Task description: When you reach the line with "Koyu Bej V Yaka Regular Fit Triko Kazak" in the records below, begin transcribing exactly and continue up to and including the line with "Dolce & Gabbana", leaving out every picture.

Provided data:
--------

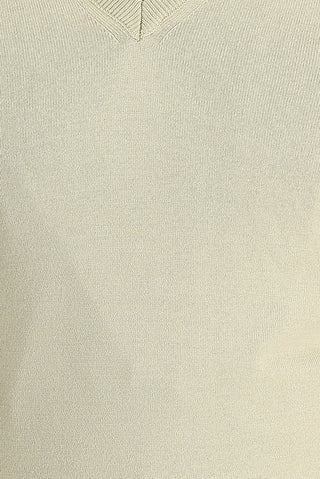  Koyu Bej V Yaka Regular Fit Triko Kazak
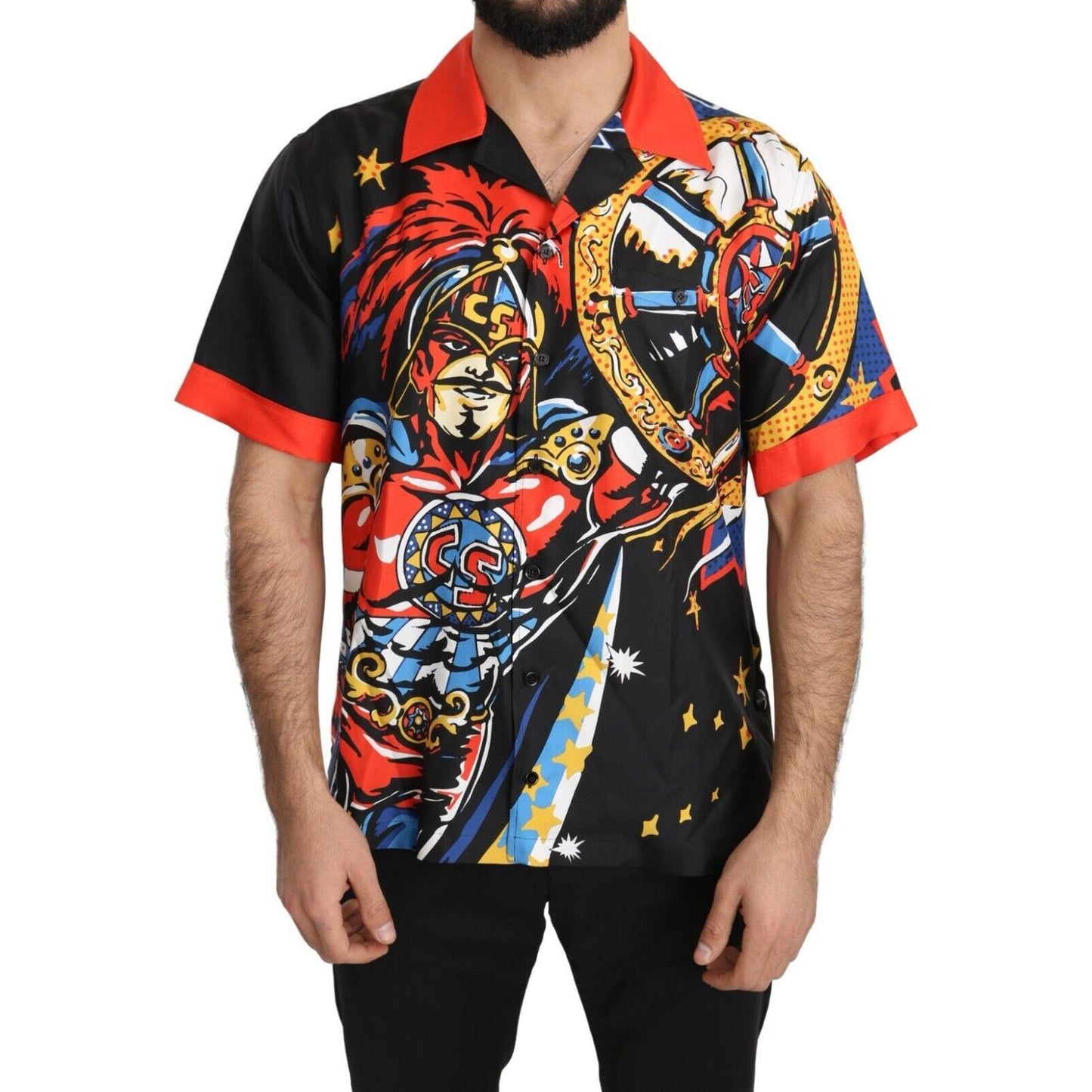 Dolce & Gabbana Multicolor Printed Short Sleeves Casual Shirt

--------

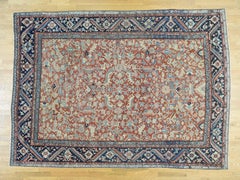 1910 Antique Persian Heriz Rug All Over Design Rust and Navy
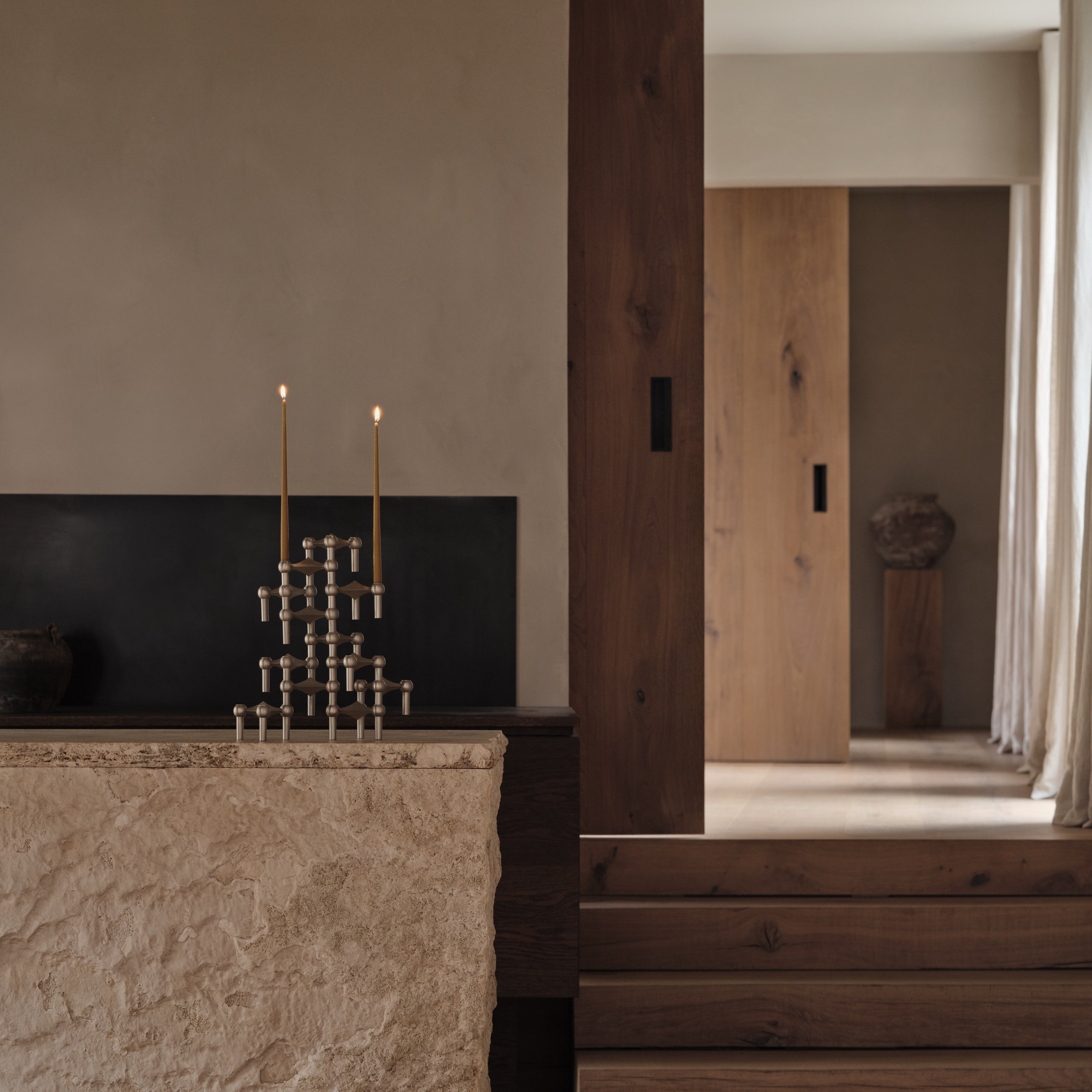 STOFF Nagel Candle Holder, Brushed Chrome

--------

Answer to the problem:
  Koyu Bej V Yaka Regular Fit Triko Kazak
 Dolce & Gabbana Multicolor Printed Short Sleeves Casual Shirt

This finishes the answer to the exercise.